Last Thursday, a satellite absentee voting station was held at Luther College after a petition requesting it was filed with the Winneshiek County Auditor's office.
Luther College senior Sean Sanders, president of the Luther College Democrats, brought in the petition with more than 150 signatures; only 100 signatures were required to have a satellite station, according to Auditor Ben Steines. The majority of petitioners were Luther students.
The satellite station was open at Luther's Dahl Centennial Union from 9 a.m. to 3 p.m. May 20. Only one person - a member of the Luther faculty - voted.
It cost approximately $550 for the voting station, which includes the cost of staffing and publicizing, and printing additional ballots, Steines said.
The idea of having satellite stations is to give everyone the opportunity to vote, Steines said. His office has been open for absentee voting since April 29 from 8 a.m. to 4 p.m. weekdays and will remain open for absentee voting through Monday, June 7, the day before the primary election.
Last Thursday, Steines said nine people voted absentee at his office.
In a "busy" election year, auditors will voluntarily open satellite stations, Steines said. In Cedar Rapids, for example, such sites are sometimes held at Hy-Vee.

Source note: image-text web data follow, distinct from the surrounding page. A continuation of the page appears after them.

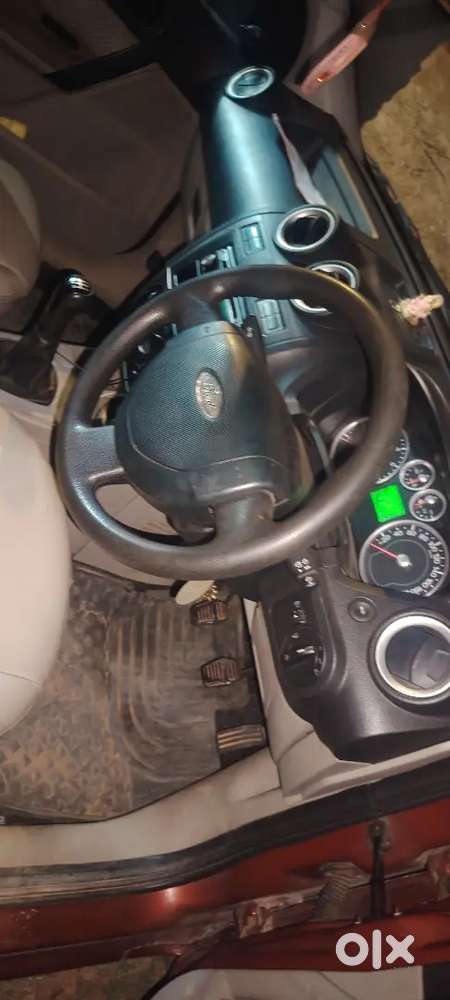 Ford Fiesta 2008 Petrol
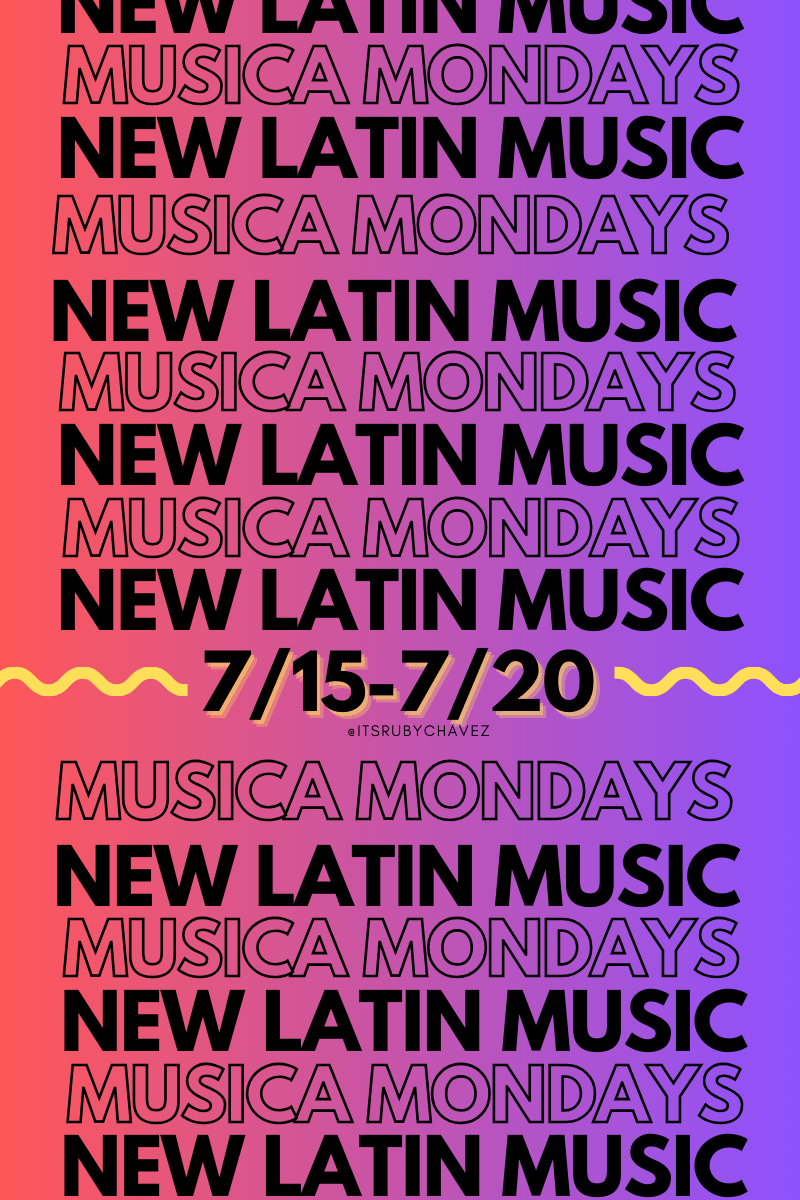 Latest Reggaeton Releases: SANDUNGUEA, Déjenlos Pasar, 3D, and More | Musica Mondays&nbsp;Update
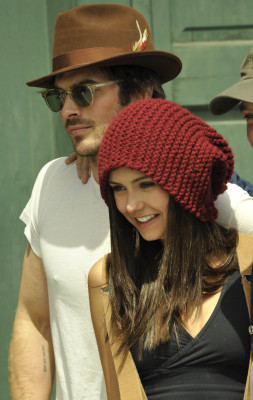 Nina Dobrev pic #281202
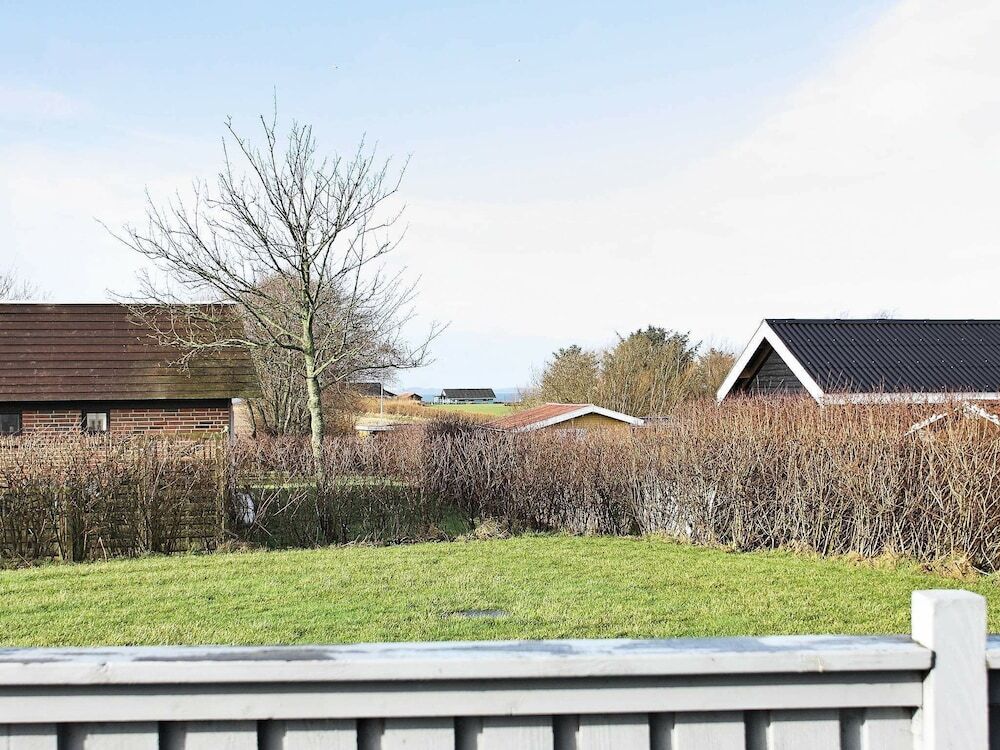 Отель Peaceful Holiday Home in Vinderup With Large Terrace, фото 19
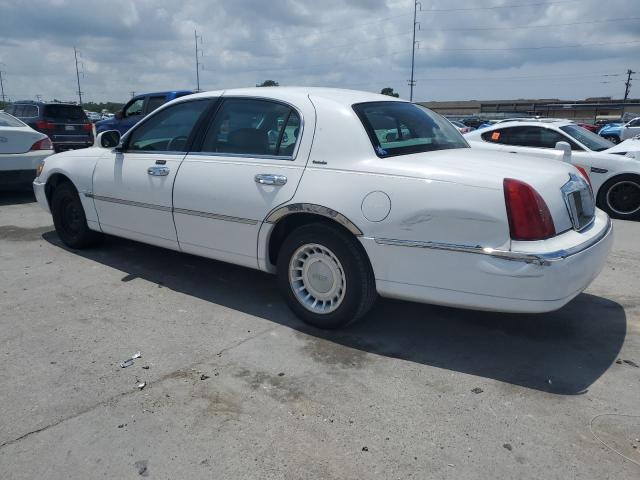 Photo 1 VIN: 1LNHM81W81Y606895 - LINCOLN TOWNCAR 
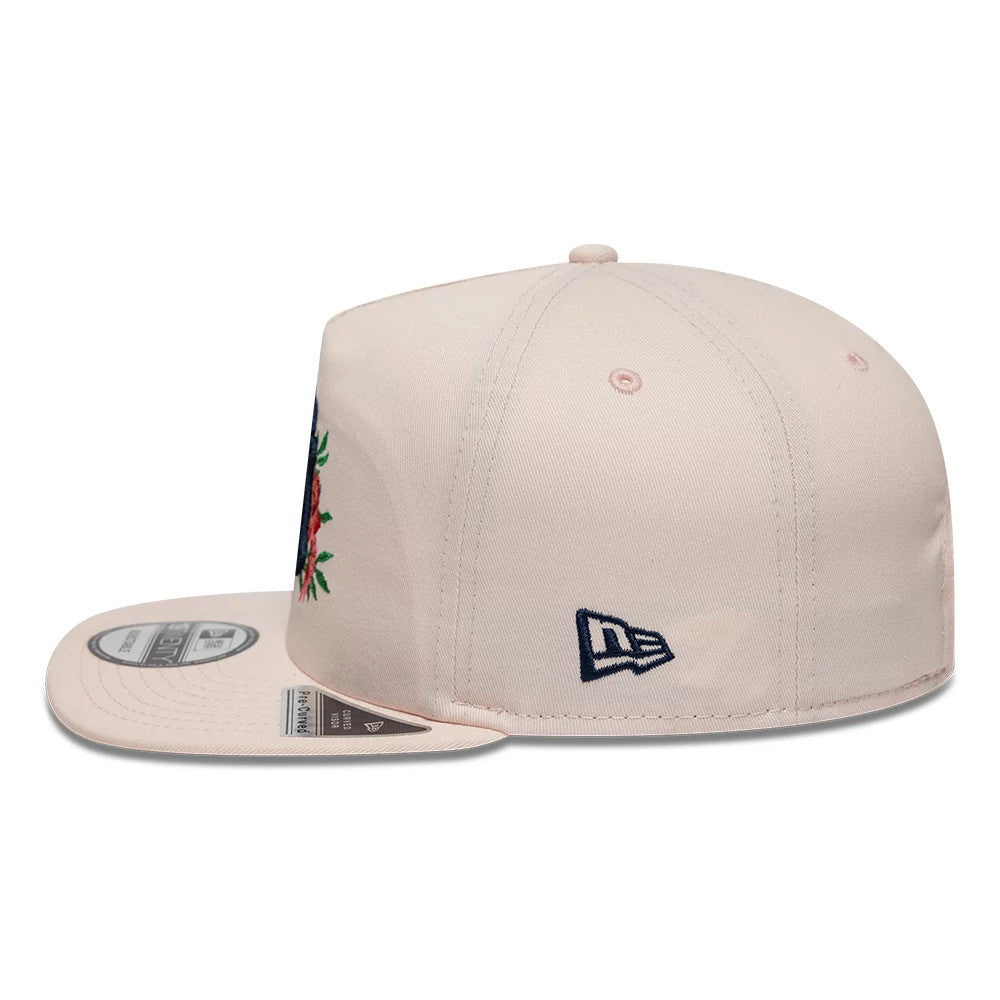 Pictured is this MLB Flower New York Yankees 19TWENTY cap in pastel pink. 5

"Knowing it was going to be a light election, I wouldn't have thought (a satellite) was necessary, but I didn't have a choice (since a petition was filed)," Steines explained.
On the Democratic ballot, there is only one contested race - for U.S. Senate -- and on the Republican ballot, there are contests for governor, secretary of state and treasurer of state. (Voters must choose a political party to cast a ballot in the primary election.) Ballots wereavailable for Decorah Wards 4 and 5 only at the satellite.
Steines said he did inform Sanders that due to the timing of getting ballots printed and publicizing the absentee voting station, the satellite could not be scheduled until after May 15.
"He (Sanders) knew it (the satellite station) would be during finals week ... the students were a lot more worried about getting home than voting," Steines said.
Attempts to reach Sanders for comment were unsuccessful. Luther commencement services were Sunday.
More than one student approached the poll workers and asked them if they were there to purchase used textbooks.
Since he had anticipated a light turnout at the satellite station, Steines sent two members of his staff and hired one other person to work at it.
For the members of his staff, Steines said their time was taken away from the office and their regular workload.
The auditor said he doesn't mind providing a satellite site if it's used.
"I'm happy to provide it if it's a service people are going to utilize. I hope in the future people organizing the petition drive take into consideration the timing (of the site) as well as how many people will be voting," Steines said.